Wednesday, November 16, 2011

The Culprit is the Carseat, With Its Accomplice Jelly Legs

Once, not so very long ago, while living my former life in a faraway place called "St. Louis" I remember driving by a Starbucks with a drive-thru window and wondering what the world was coming to. How lazy do you have to be to need a drive-thru for your coffee? How hard is it to park your car and just walk into the shop? What kind of schmuck would actually use this?

Flash forward several years, and approximately 2,000 miles to the west, and I can definitively say that I am that kind of schmuck.

How I would love to travel back across time and space to my earlier, childless self and explain that sometimes it is hard - very, very hard - to park your car and just walk into the shop. In fact, once you have a kid, there is no just doing anything. Just running to the store, just getting a cup of coffee, just taking a shower...everything becomes colossally more complicated.
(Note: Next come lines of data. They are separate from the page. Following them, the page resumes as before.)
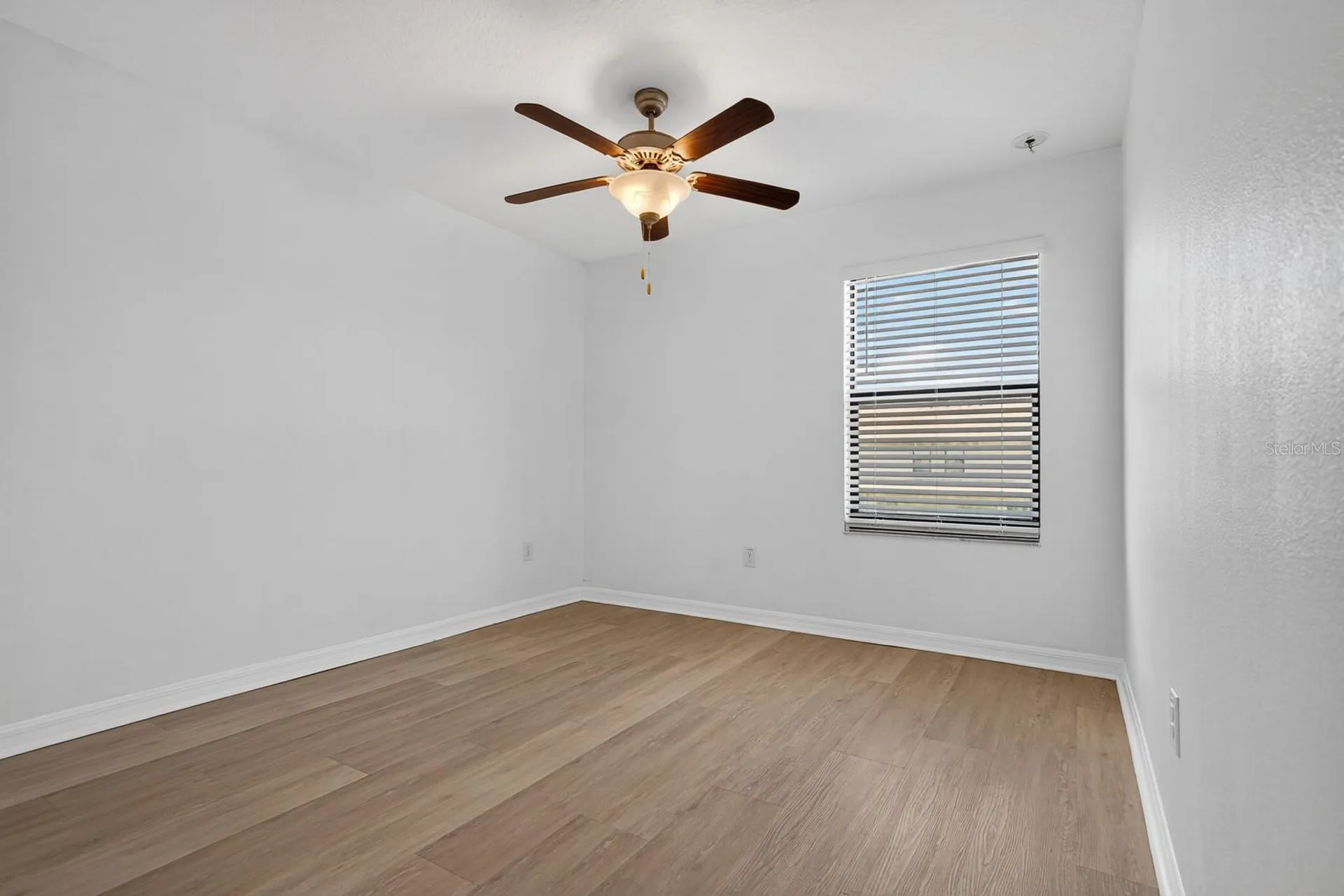3488 Pine Ribbon Drive Land O Lakes FL 34638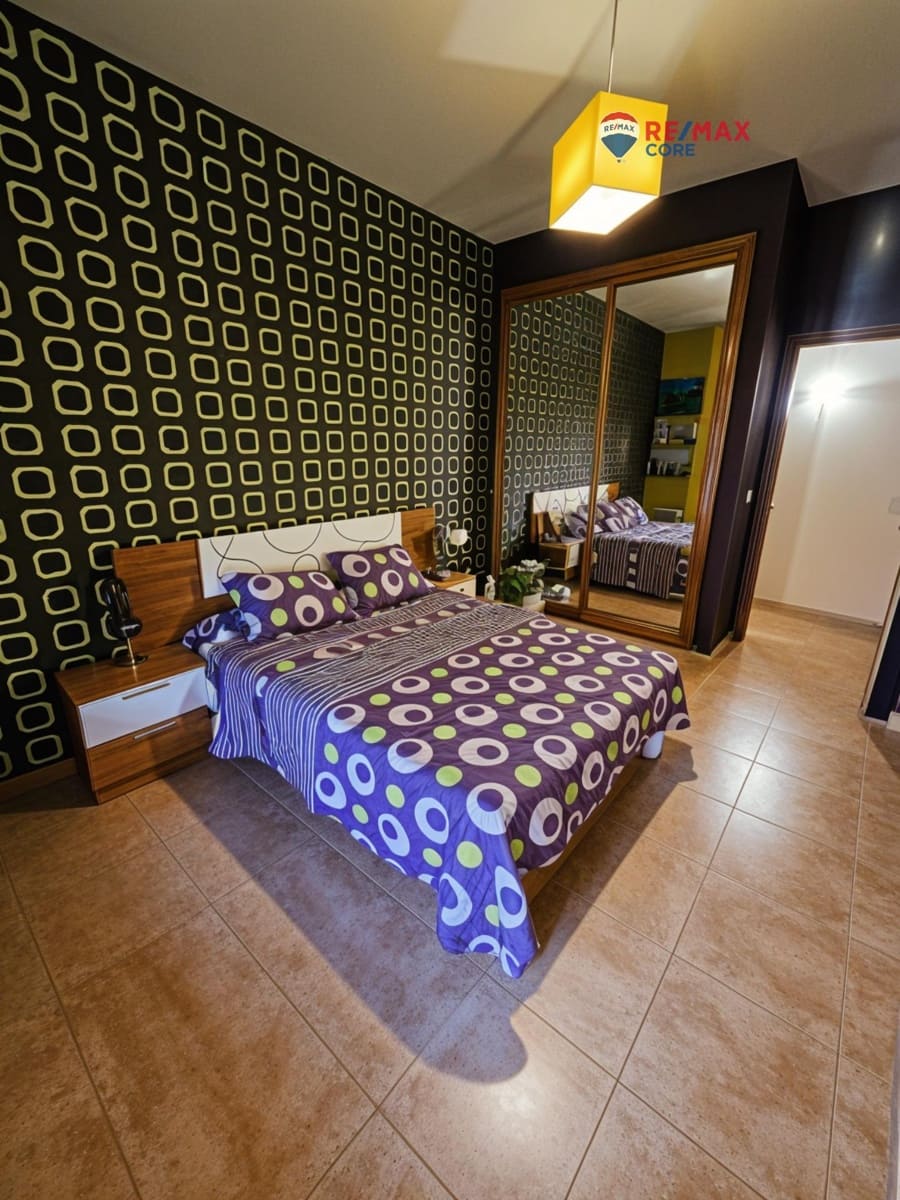 3 slaapkamer Huis te koop in Almoharin - € 180.000 (Ref: 9474200)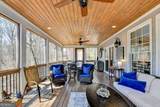 4930 River Drive - Photo 44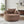 Single Sofa, Sleeper Chair For Living Room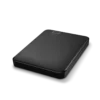 WD Elements HDD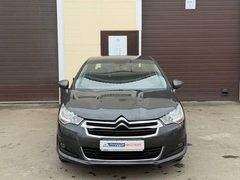 car-image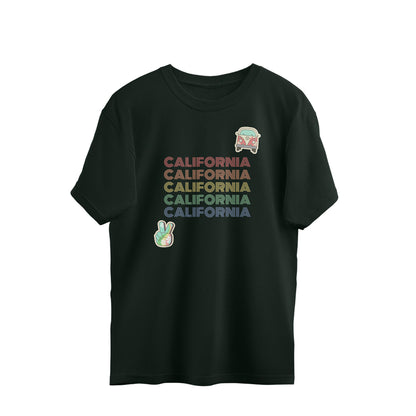 Front View - 5331259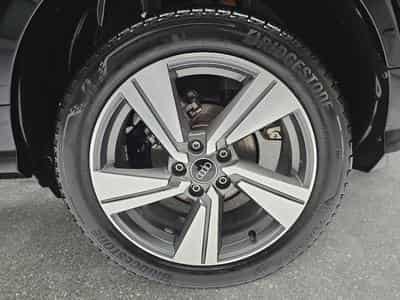 Audi Q2 35 TFSI S-Tronic 150  S-Line (2025) - Photo 6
And the Starbucks drive-thru? I now see it for what it truly is: a thing of rare and utter beauty that has nothing to do with laziness. Okay, maybe a little bit to do with laziness. But laziness isn't the main reason I use the Starbucks drive-thru. The real culprit is the carseat.

My daughter hates to be restrained. Playpens, highchairs, shopping carts, carseats, bouncers, swings, carriers. She struggles against them like someone being attacked by a swarm of bees. We have reached the point where I can get her into the carseat - and out of it - without a major meltdown must days, but I can do each operation exactly one time without confrontation. This makes running most errands difficult, as multiple stops are not an option.
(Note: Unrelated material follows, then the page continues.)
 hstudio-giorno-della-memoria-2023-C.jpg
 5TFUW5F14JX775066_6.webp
For those of you without children, it may help to think of this in terms of air travel. Every stop is like a layover, and your only options are O'hare in January or Newark after 4pm. On every subsequent connecting flight the delays are longer and you encounter some new annoyance: maybe you are stuck in a middle seat at the back of the plane between a chatty Kathy and someone who smells. The toilets aren't working. There is turbulence. There are no more snack boxes for purchase and you haven't eaten all day. Someone in the row ahead of you snagged the last can of bloody mary mix. Your flight attendant is insisting that you take your seat although you are pretty sure that twinge in your calf is a deep vein thrombosis.

Bet you wish you'd booked that direct flight now, huh?

Driving through the pick-up window at Starbucks is like booking a direct flight to caffeination on an airline that always arrives on time. It doesn't matter what else you have to get done that day or what stage of rest - or unrest - your child is in, a pass through the Starbucks drive-thru is one simply amazing act of certainty in the world-with-child where nothing is simple or certain.

My new life in the the world-with-child spins on an axis of delays, disappointments, and changes of plans. Follow-through is a foreign concept for most of us living amidst the toddler tornado of sippy cups, diapers, wipes, pacifiers, snacks, strollers, stuffed animals, jackets and changes of clothing that are required for every trip away from home. Even if you're only heading to Target, you have to prepare like you're going to Tanzania. And once you get there, no matter how difficult the trek, chances are about even that you will have to return home without even setting foot in the store. This may happen for a number of reasons but one of the biggest weapons of derailment in the childhood arsenal of annoyance is jelly legs.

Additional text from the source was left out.